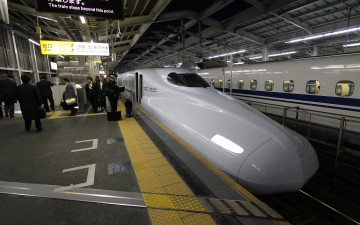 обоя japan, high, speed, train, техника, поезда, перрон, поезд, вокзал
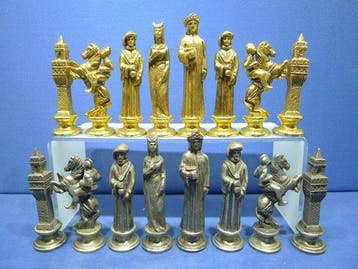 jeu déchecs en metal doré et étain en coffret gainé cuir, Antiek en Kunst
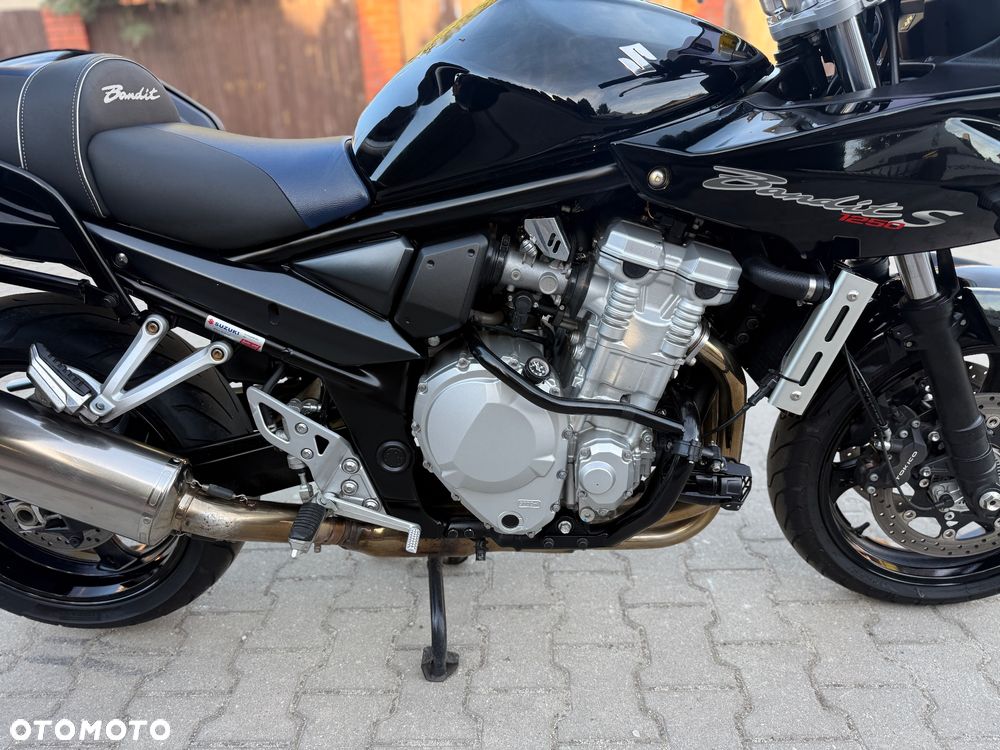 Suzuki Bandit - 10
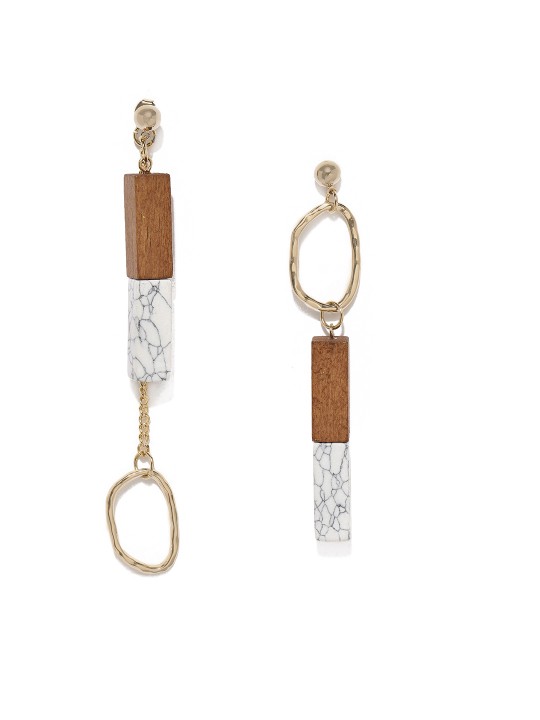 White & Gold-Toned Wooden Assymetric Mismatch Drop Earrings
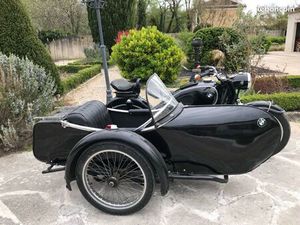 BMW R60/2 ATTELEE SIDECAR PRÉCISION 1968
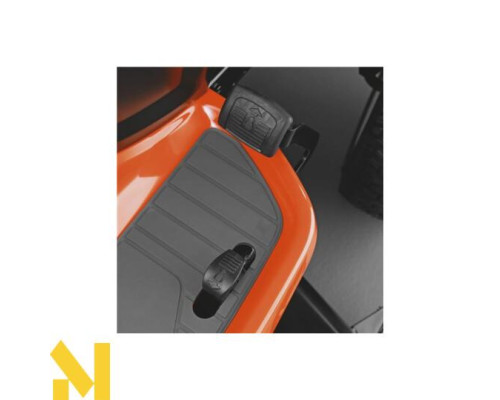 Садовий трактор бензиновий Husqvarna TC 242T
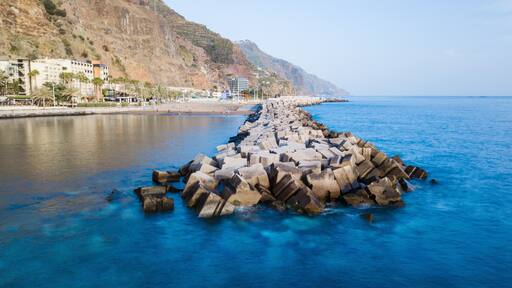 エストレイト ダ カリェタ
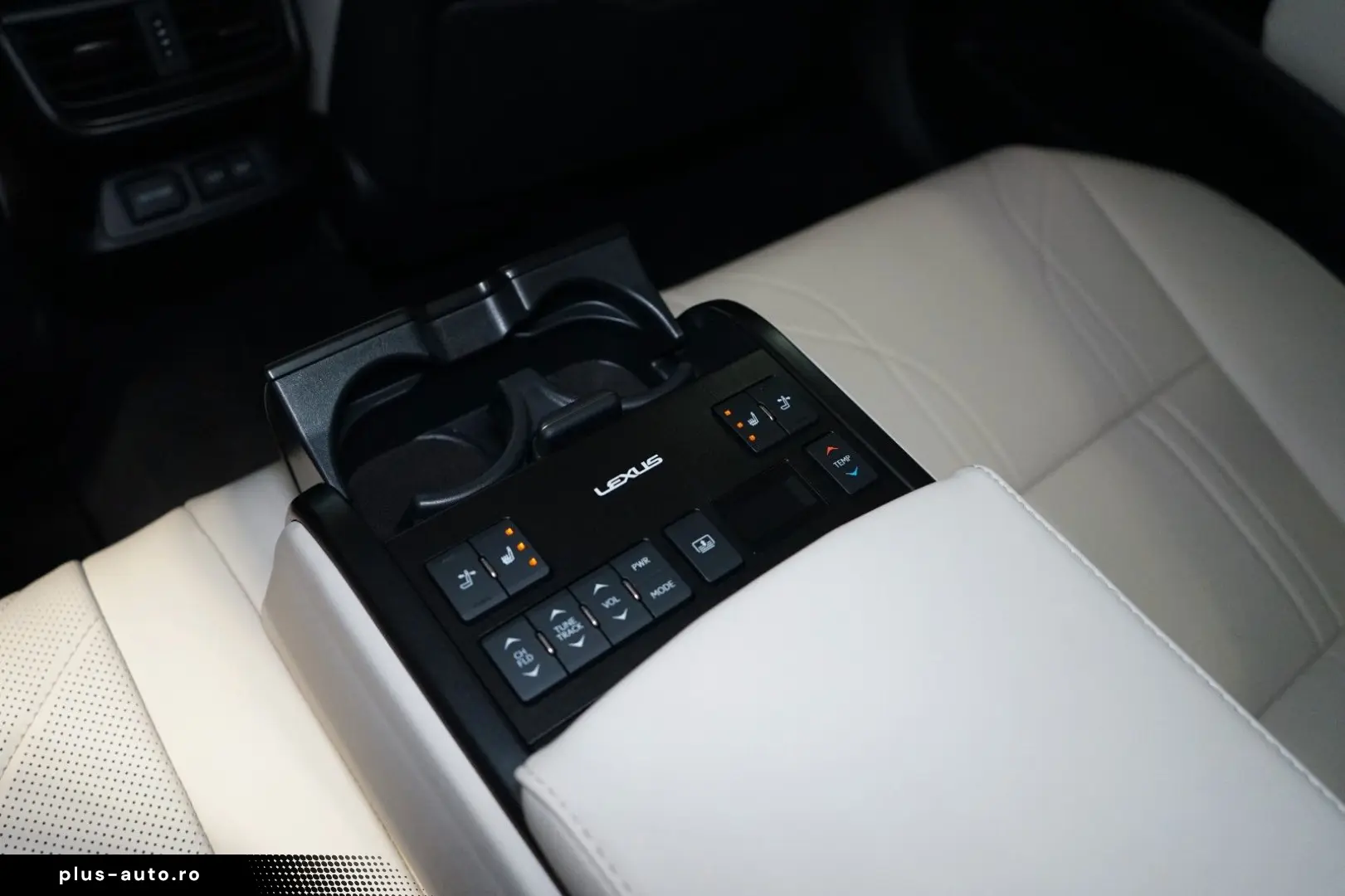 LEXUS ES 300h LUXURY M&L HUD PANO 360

Activity: Output nothing but the entries above, exactly, once the pictures are removed.

Output for this exercise:
 обоя japan, high, speed, train, техника, поезда, перрон, поезд, вокзал
 jeu déchecs en metal doré et étain en coffret gainé cuir, Antiek en Kunst
 Suzuki Bandit - 10
 White & Gold-Toned Wooden Assymetric Mismatch Drop Earrings
 BMW R60/2 ATTELEE SIDECAR PRÉCISION 1968
 Садовий трактор бензиновий Husqvarna TC 242T
 エストレイト ダ カリェタ
 LEXUS ES 300h LUXURY M&L HUD PANO 360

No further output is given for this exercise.